Saturday, April 19, 2014

109

I think there should be a celebration for couples who have been together for 20 years.  It could be called a wedidit celebration.  A celebration of not giving up, of staying together through all the huge ups and downs of life, no matter what they are, like recovering from a miscarriage, suffering the death of someone close, the unbelievable miraculous experience of having a baby, sleepless nights after the birth of said baby, sexual inequities, illness, the deep connections of sensual ecstasy, money troubles, sharing the love of a growing family, affairs that break someone's heart, dealing with teachers at parent/teacher conferences, holidays, arguments, snot en trane, belly-laughs, little kindnesses, small cruelties, fulfillment of dreams, slashing of hopes. 

All their friends could put on their most outrageously colourful clothes, and come to the celebration bringing a bottle and a plate of food, a song or a dance or a work of art to give, and the couple could say a few words in public, a declaration of their love, of their independence and their dependence. And afterwards all the friends would clean the house for the wedidit couple, and in the morning they would get into their little car and go on a little trip for a few days, an "aftermoon".

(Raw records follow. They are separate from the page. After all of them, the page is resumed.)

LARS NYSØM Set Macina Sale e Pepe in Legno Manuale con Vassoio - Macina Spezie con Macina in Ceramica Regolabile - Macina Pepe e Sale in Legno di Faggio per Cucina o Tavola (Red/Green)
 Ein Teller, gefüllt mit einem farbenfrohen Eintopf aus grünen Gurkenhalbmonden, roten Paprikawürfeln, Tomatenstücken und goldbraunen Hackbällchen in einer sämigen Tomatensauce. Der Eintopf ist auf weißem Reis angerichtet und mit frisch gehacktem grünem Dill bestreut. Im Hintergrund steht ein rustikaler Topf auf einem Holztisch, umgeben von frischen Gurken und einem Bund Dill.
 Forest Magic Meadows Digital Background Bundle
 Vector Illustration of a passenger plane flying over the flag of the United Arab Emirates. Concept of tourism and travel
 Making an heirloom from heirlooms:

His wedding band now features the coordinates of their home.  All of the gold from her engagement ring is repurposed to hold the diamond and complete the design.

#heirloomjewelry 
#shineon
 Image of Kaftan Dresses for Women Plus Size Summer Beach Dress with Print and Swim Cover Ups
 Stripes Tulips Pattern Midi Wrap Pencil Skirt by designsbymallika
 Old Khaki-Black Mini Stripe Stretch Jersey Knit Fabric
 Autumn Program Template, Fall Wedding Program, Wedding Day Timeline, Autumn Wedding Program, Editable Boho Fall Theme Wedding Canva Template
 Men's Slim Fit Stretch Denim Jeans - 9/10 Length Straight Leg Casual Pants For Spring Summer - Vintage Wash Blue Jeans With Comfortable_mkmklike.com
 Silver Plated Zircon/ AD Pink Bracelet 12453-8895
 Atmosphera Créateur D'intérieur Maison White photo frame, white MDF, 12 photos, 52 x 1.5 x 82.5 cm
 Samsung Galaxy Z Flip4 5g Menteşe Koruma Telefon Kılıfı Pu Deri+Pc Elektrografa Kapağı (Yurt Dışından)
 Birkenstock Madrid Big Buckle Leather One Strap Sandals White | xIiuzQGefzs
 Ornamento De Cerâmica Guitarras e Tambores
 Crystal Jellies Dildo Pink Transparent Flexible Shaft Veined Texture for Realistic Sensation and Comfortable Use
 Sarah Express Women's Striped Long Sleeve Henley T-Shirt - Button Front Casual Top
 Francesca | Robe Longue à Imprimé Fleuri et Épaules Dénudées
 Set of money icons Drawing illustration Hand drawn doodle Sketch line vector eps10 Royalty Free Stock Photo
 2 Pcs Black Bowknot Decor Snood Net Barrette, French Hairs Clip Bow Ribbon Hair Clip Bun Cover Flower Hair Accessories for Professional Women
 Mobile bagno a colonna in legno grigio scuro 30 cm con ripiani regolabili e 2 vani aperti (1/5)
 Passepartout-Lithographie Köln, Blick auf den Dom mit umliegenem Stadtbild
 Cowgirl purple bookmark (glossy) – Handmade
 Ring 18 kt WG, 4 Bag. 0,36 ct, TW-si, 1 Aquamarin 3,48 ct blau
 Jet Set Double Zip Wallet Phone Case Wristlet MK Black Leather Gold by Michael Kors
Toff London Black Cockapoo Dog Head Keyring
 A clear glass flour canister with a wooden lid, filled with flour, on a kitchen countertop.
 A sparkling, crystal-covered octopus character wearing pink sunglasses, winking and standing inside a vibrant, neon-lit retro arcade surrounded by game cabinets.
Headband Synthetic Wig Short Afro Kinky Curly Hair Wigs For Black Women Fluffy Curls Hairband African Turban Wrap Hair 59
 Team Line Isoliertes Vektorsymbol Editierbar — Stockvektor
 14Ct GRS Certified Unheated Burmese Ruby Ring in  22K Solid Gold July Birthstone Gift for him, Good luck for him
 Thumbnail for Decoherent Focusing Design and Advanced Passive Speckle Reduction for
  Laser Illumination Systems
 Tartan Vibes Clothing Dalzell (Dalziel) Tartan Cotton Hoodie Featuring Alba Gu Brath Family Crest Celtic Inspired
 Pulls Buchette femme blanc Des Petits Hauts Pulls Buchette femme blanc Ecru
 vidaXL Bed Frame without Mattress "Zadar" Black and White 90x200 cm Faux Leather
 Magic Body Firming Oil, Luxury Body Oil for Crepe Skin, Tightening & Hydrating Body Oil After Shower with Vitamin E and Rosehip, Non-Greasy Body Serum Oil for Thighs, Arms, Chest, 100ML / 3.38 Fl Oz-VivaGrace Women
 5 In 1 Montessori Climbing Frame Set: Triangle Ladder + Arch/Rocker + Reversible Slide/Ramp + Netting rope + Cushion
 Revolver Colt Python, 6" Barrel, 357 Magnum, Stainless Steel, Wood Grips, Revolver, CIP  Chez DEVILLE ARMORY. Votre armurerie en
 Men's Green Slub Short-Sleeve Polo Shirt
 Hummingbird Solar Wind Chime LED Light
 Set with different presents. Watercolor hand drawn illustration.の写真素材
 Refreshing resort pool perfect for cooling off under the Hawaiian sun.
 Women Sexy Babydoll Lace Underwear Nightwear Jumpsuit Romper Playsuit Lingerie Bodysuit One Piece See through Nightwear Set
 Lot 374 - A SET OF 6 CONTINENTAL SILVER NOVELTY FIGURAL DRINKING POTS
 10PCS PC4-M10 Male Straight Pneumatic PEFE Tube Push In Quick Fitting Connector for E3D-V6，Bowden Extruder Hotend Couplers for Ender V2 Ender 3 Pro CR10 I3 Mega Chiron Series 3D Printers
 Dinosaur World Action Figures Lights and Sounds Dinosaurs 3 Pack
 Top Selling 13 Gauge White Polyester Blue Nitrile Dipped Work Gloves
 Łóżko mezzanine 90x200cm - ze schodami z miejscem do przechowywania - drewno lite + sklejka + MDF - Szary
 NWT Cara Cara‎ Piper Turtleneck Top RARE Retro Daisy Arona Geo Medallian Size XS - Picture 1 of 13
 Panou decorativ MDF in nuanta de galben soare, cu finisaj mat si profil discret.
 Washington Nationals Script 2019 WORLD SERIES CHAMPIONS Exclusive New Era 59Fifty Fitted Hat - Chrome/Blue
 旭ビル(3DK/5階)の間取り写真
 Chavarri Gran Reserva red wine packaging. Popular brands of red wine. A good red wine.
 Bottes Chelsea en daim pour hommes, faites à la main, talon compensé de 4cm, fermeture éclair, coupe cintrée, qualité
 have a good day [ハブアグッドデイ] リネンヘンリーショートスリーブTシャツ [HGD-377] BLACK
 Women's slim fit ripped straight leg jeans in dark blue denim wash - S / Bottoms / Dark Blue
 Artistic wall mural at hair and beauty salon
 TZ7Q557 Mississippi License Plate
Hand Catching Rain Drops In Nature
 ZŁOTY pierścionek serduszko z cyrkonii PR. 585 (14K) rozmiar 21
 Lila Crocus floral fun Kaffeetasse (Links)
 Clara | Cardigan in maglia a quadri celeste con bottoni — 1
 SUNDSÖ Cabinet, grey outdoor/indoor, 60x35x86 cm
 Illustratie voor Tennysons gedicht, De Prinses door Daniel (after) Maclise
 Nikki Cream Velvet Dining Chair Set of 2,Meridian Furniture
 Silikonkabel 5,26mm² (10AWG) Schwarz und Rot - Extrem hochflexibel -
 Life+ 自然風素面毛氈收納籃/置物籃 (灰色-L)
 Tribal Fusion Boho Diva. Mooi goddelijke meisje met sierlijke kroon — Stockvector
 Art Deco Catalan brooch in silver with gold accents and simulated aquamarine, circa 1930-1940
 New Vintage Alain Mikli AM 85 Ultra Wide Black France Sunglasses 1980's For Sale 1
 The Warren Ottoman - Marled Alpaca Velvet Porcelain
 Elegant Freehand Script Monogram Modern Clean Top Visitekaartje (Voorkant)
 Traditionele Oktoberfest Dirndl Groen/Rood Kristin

Thinking that the spring was actually here, I took out the erythrina last weekend, and was going to take all the large trees out but got tired halfway through.  So my poor erythrina, which is now about 10 feet high, grown from a lucky bean I found in a bottle which came with our furniture all those years ago, has given up its ambitious verdant new-leafed appearance after the snow which fell overnight on Tuesday!
Lucky beans, which have blood-clotting properties.

I came out to find the poor plant, not only covered in snow, but also flat on the ground across the path, having been blown over by the frigid wind.  So I picked it up as tenderly as I could, with frozen hands, getting jabbed by the hooked prickles which grow on the trunk of the tree.  Ungratefully, it proceeded to shower me with all the snow collected in its still fluttering leaves!  Most of which went straight down the back of my unsuspecting neck and did not put me in a good frame of mind for the long day ahead of me.

Hooked thorns on the trunk of the erythrina lysistemon
But all is forgiven, because this is one of my babies, a little part of South Africa which has grown in a foreign country just as my boys did, into a tall young beautiful presence, with thorns to fend off evil and soft spots of gentleness. 

The little boys in South Africa with their friends Alex and Phillie!